**INPUT DATA:**
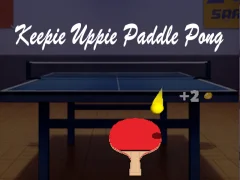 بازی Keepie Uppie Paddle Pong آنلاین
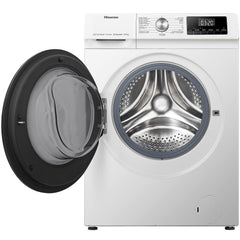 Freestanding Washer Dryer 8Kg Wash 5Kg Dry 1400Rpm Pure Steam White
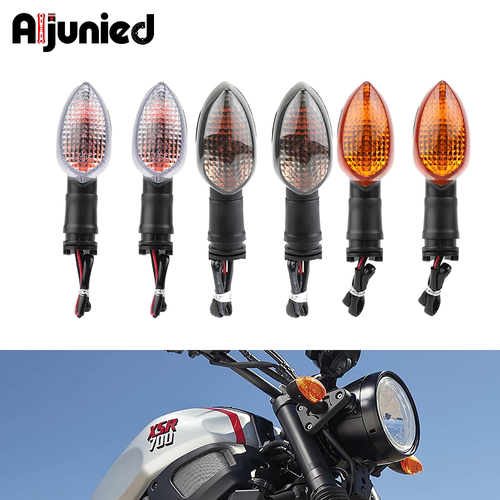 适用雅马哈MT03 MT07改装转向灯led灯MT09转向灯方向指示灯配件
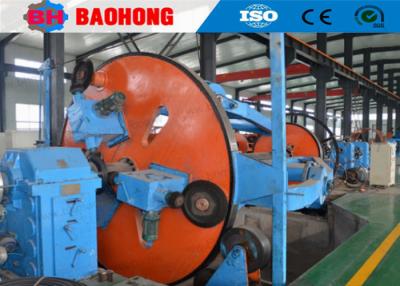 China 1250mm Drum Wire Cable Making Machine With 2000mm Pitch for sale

**YOUR GOAL:**
Where a line contains "Freestanding Washer Dryer", begin there and set down exactly each line through the end of the data above, omitting any pictures.

**FINISHED TASK:**
 Freestanding Washer Dryer 8Kg Wash 5Kg Dry 1400Rpm Pure Steam White
 适用雅马哈MT03 MT07改装转向灯led灯MT09转向灯方向指示灯配件
 China 1250mm Drum Wire Cable Making Machine With 2000mm Pitch for sale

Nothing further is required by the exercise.